Would you give the listing back word for word once its pictures are removed?

Raw data -
Segment Open
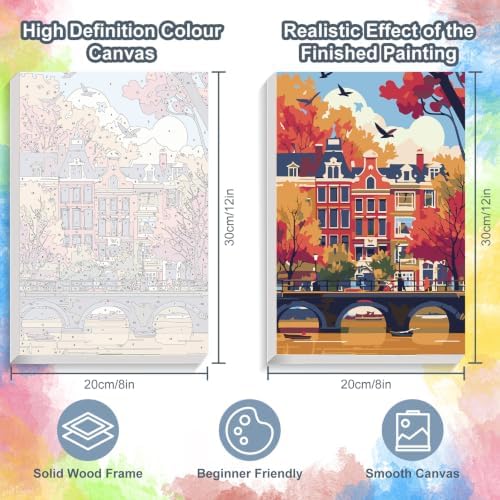 Kalonyth City Framed Paint by Numbers Kit for Adults Beginner 8x12 inch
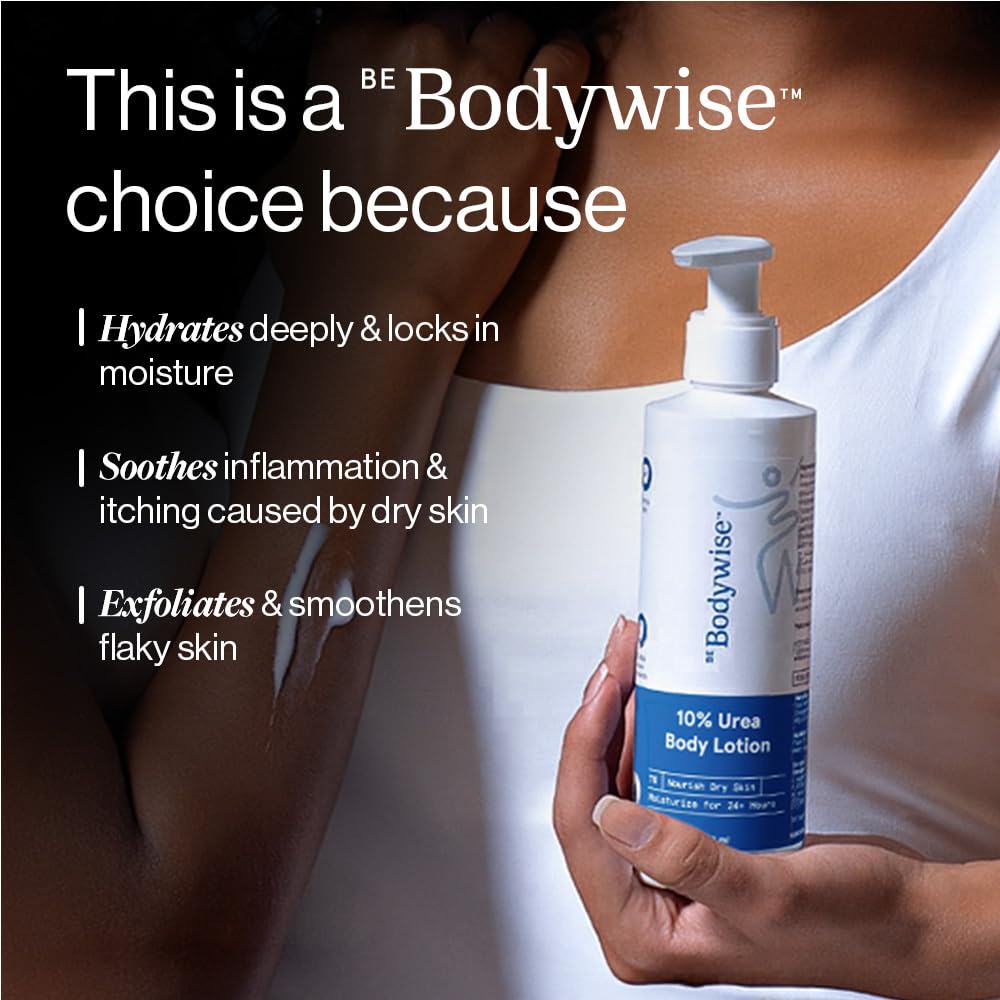 Be Bodywise 10% Urea Body Lotion 300ml | 48 Hour Dry Skin Relief | For Very Dry & Flaky Skin | With Ceramides, Kokum & Mango Seed Butter | Non-Greasy & Lightweight Formula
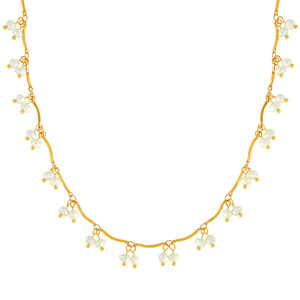 สร้อยคอไข่มุกน้ำจืดสไตล์ฝรั่งเศส ประดับพู่ทอง สำหรับผู้หญิง สวมใส่ได้ทุกวัน ความยาว 405 ซม. - Product Image 5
Segment Closed
Output for this exercise -
 Kalonyth City Framed Paint by Numbers Kit for Adults Beginner 8x12 inch
 Be Bodywise 10% Urea Body Lotion 300ml | 48 Hour Dry Skin Relief | For Very Dry & Flaky Skin | With Ceramides, Kokum & Mango Seed Butter | Non-Greasy & Lightweight Formula
 สร้อยคอไข่มุกน้ำจืดสไตล์ฝรั่งเศส ประดับพู่ทอง สำหรับผู้หญิง สวมใส่ได้ทุกวัน ความยาว 405 ซม. - Product Image 5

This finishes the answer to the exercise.